Mag makes a genuine Mini Maglite 2xAAA light with a head like that. 
http://maglite.com/product.asp?psc=2AAACELL&pt=R

I wonder if some modder could have cut one of those down to a single AAA size? It should run fine with a Solitaire bulb, but might have slightly better throw due to the larger reflector.

edit:
Here's a stupid idea. Does the 2xAAA head fit on the Solitaire body? Can anyone try this?


----------



## carbine15 (Jul 20, 2006)

Just tried it.

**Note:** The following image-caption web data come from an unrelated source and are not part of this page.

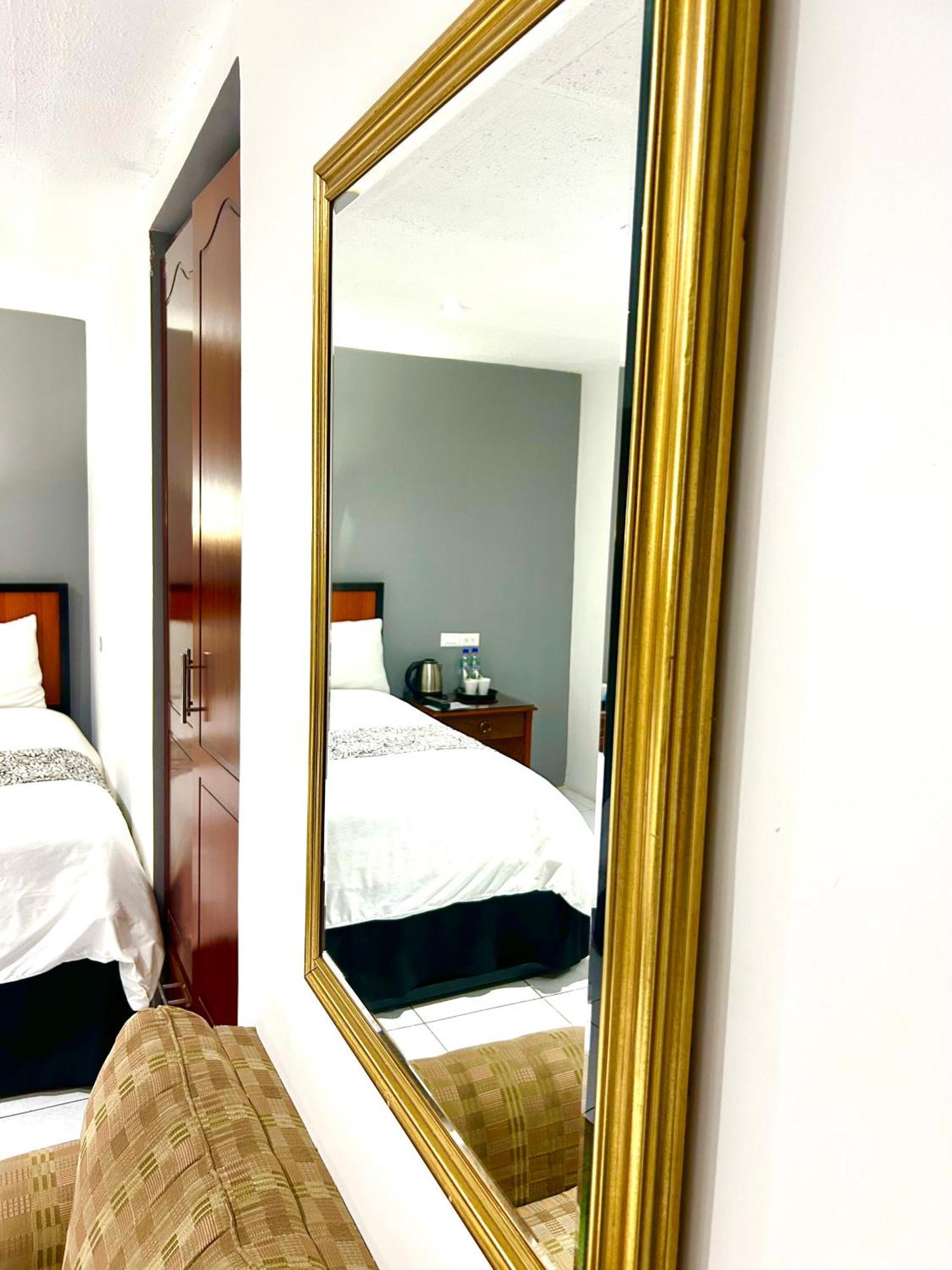 Accel Hotel La Quinta Ibarra Eksteriør bilde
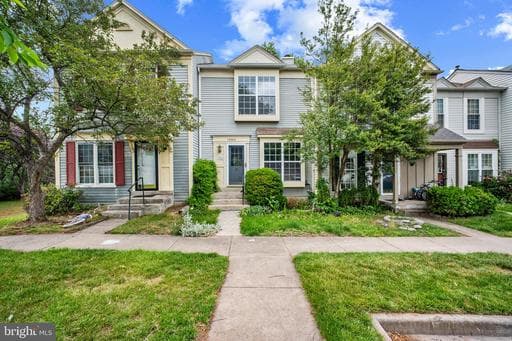 13562 Highland Mews Ct, Herndon, VA 20171-3721, United States - Photo 1
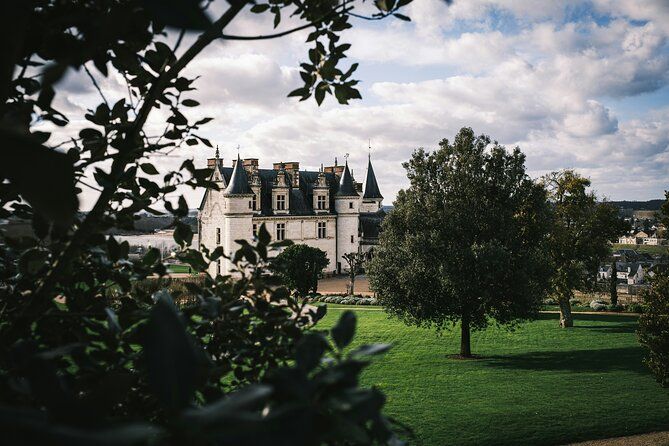 Amboise Alcove 3 Hours Exclusive Walking Tour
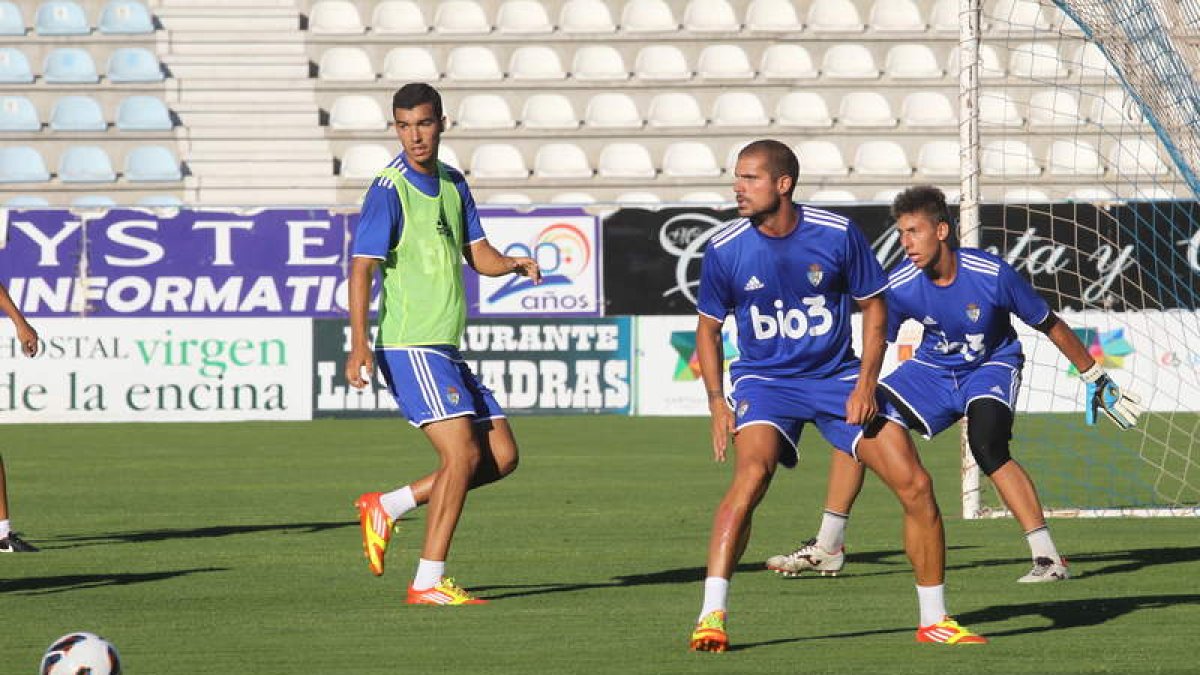 La Deportiva, con más efectivos, entrenó ayer por la tarde en El Toralín.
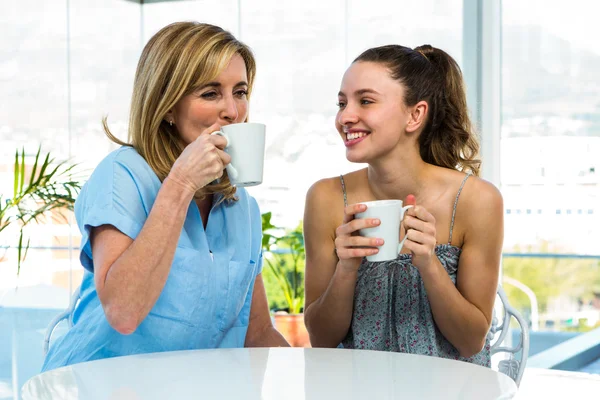 Mãe e filha bebem chá — Fotografia de Stock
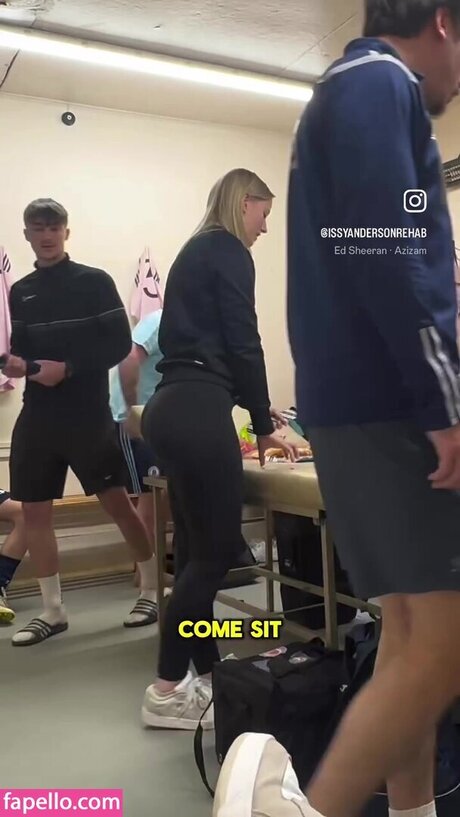 Issy Anderson pornstar hot archive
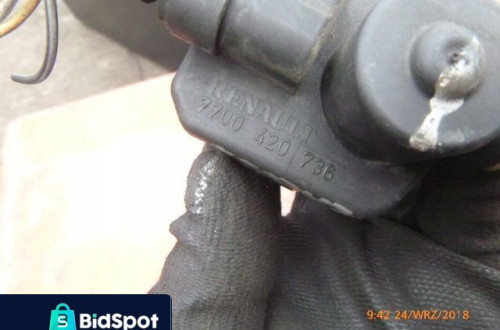 RENAULT SILNICZEK REGULACJI LAMPY 7700420736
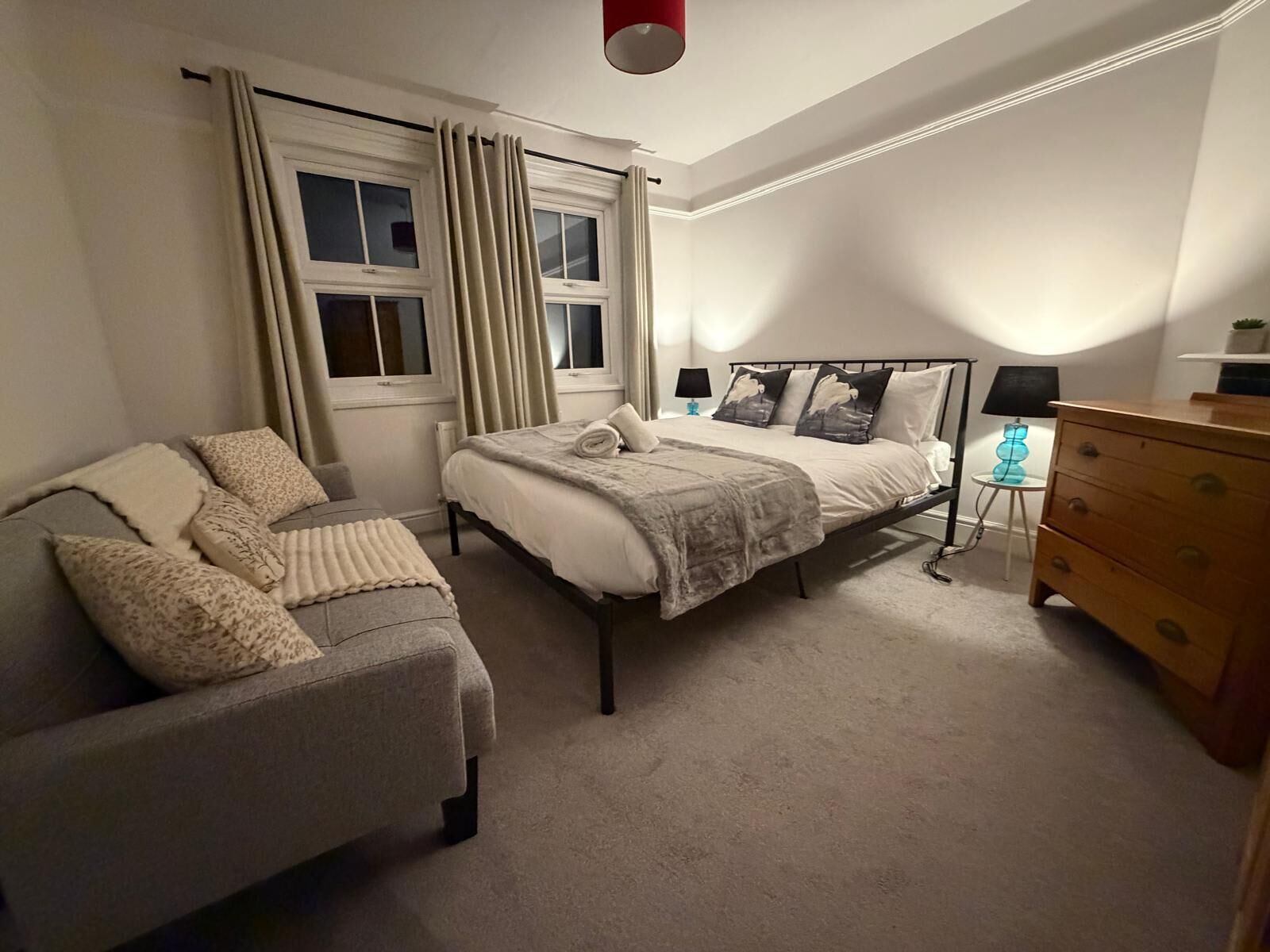 4 bedrooms, iron/ironing board, WiFi, bed sheets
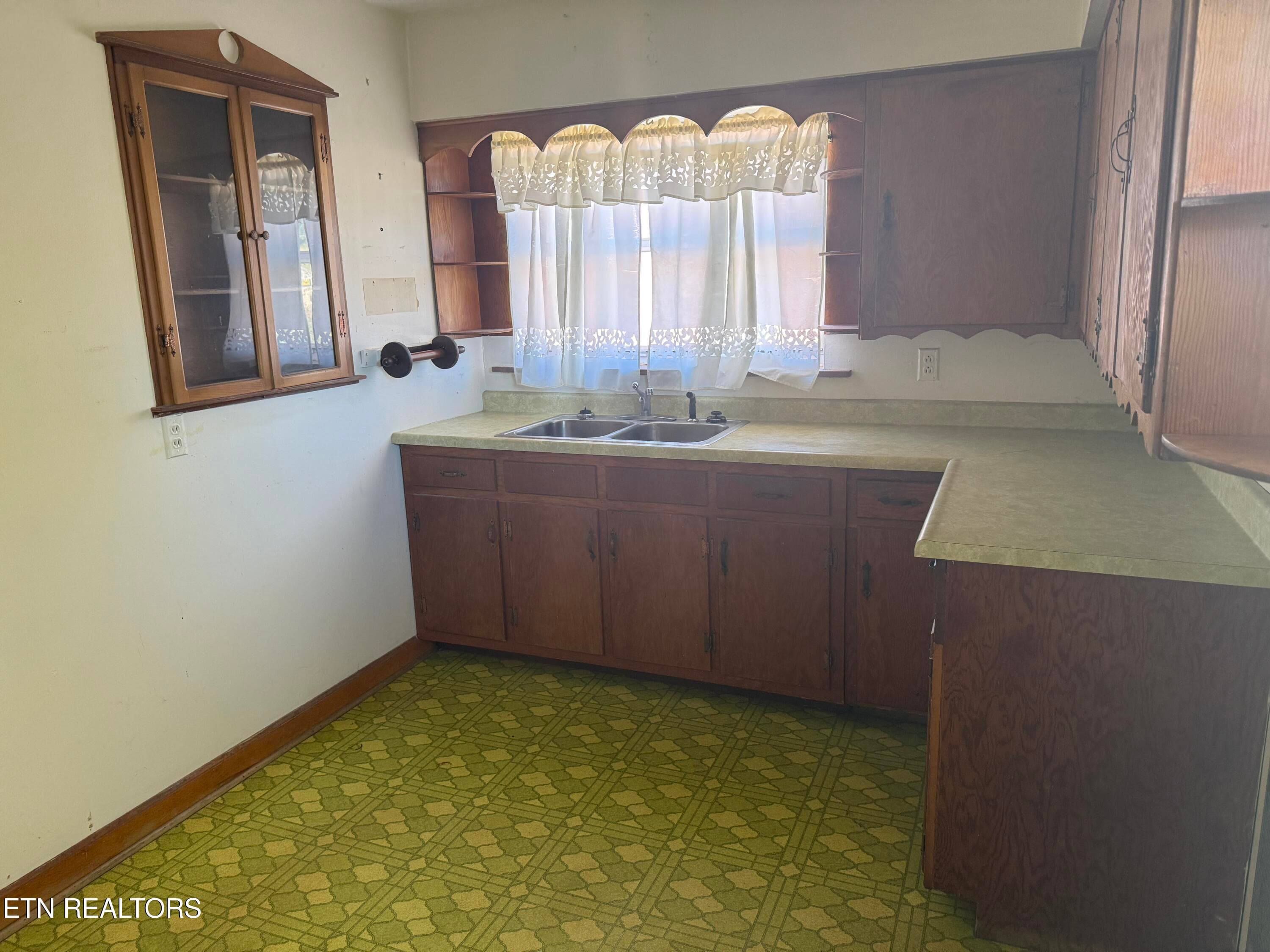 IMG_9461 - 1508 Willow St, Morristown, TN 37814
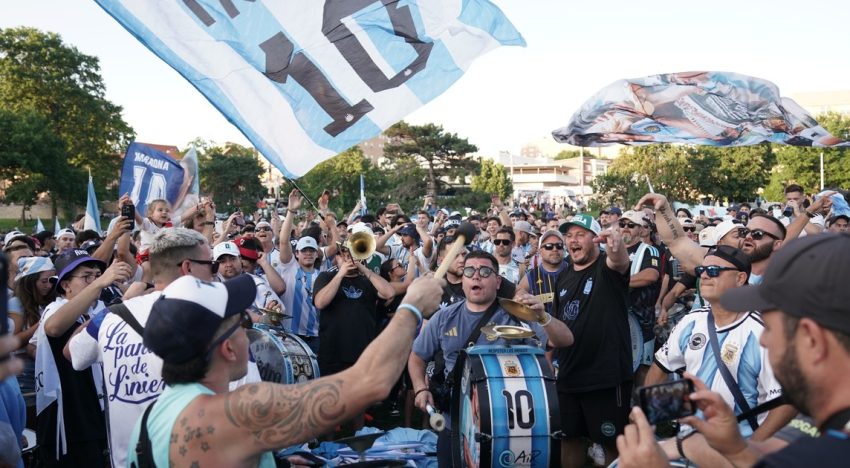 La marea argentina ya se siente en el Mundial 2026: banderazo masivo en Kansas City antes del debut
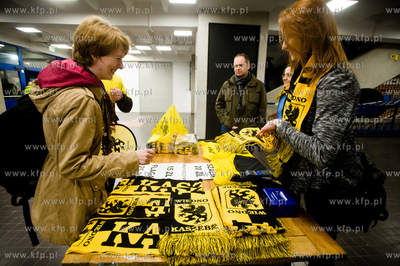 Gdansk. Hala Olivia. Kaszubski Weekend z Hokejem. Mecz...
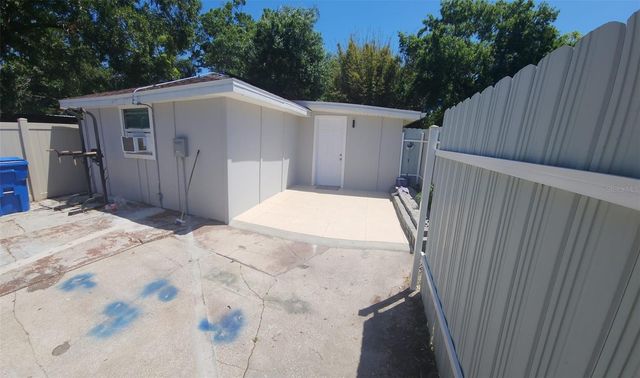 6809 N GUNLOCK AVENUE, Tampa, FL 33614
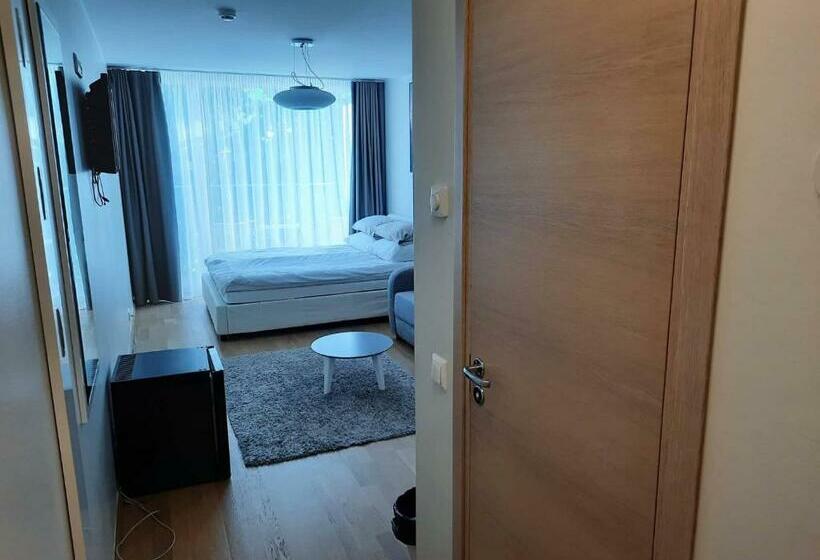 اتاق استاندارد چهارنفره با بالکن, Kena, Rõduga Külaliskorter Aisa 39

Not a chance. the Soli is slimmer than the 2xAAA minimag.


----------



## dgc (Jul 21, 2006)

Thanks to anyone helped me pointing out that this is not an original item.

It has no indication on the bezel and it does not have for a spare bulb in the tailcap (but there is room to place one).

Check these pic just to compare it to the size of a regular Solitaire:



On the bottom it's the original Solitaire (it was a corporate gift so maybe it has a different finiture but it is definitely an original Maglite)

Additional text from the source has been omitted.